• **REQUIREMENT**:
Retype the line with "Thumbnail 7 Valentino" exactly. Then retype every line after it through the end of the entries below, and nothing more, leaving out pictures.

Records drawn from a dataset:
***

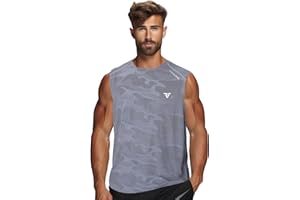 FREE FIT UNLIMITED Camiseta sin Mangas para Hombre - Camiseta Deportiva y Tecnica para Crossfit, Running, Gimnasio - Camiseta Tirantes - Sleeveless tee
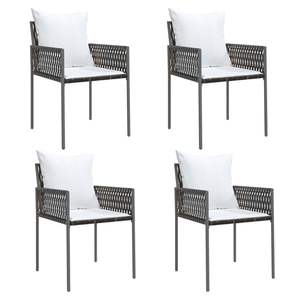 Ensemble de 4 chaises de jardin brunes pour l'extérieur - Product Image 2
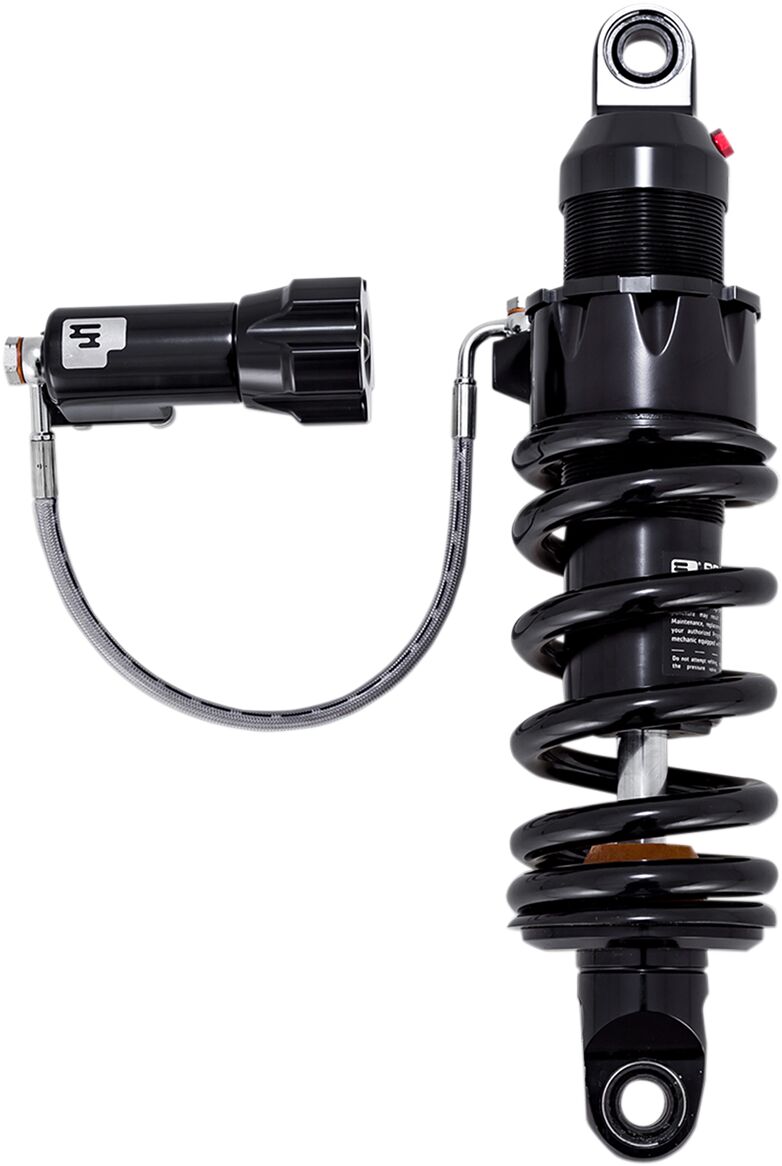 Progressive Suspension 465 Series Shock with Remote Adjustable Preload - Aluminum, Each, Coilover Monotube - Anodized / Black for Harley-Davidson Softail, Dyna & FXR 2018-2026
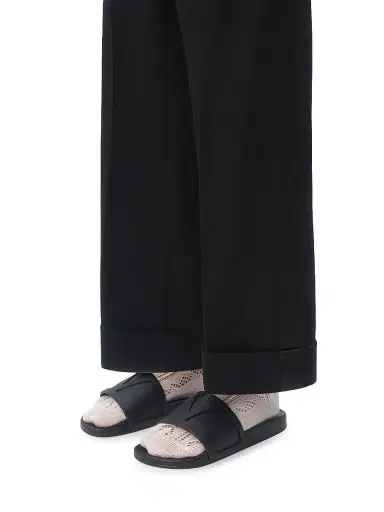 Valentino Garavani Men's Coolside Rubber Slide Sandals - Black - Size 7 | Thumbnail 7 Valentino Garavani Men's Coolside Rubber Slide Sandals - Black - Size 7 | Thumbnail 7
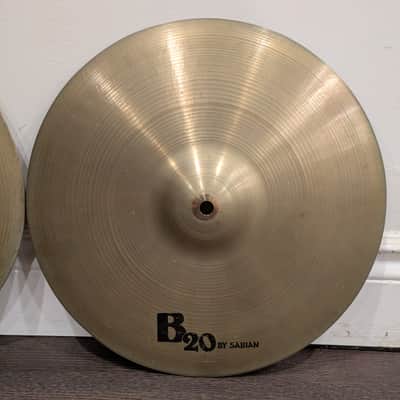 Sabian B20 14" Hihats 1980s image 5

***

• **RESULT BELOW**:
 Valentino Garavani Men's Coolside Rubber Slide Sandals - Black - Size 7 | Thumbnail 7 Valentino Garavani Men's Coolside Rubber Slide Sandals - Black - Size 7 | Thumbnail 7
 Sabian B20 14" Hihats 1980s image 5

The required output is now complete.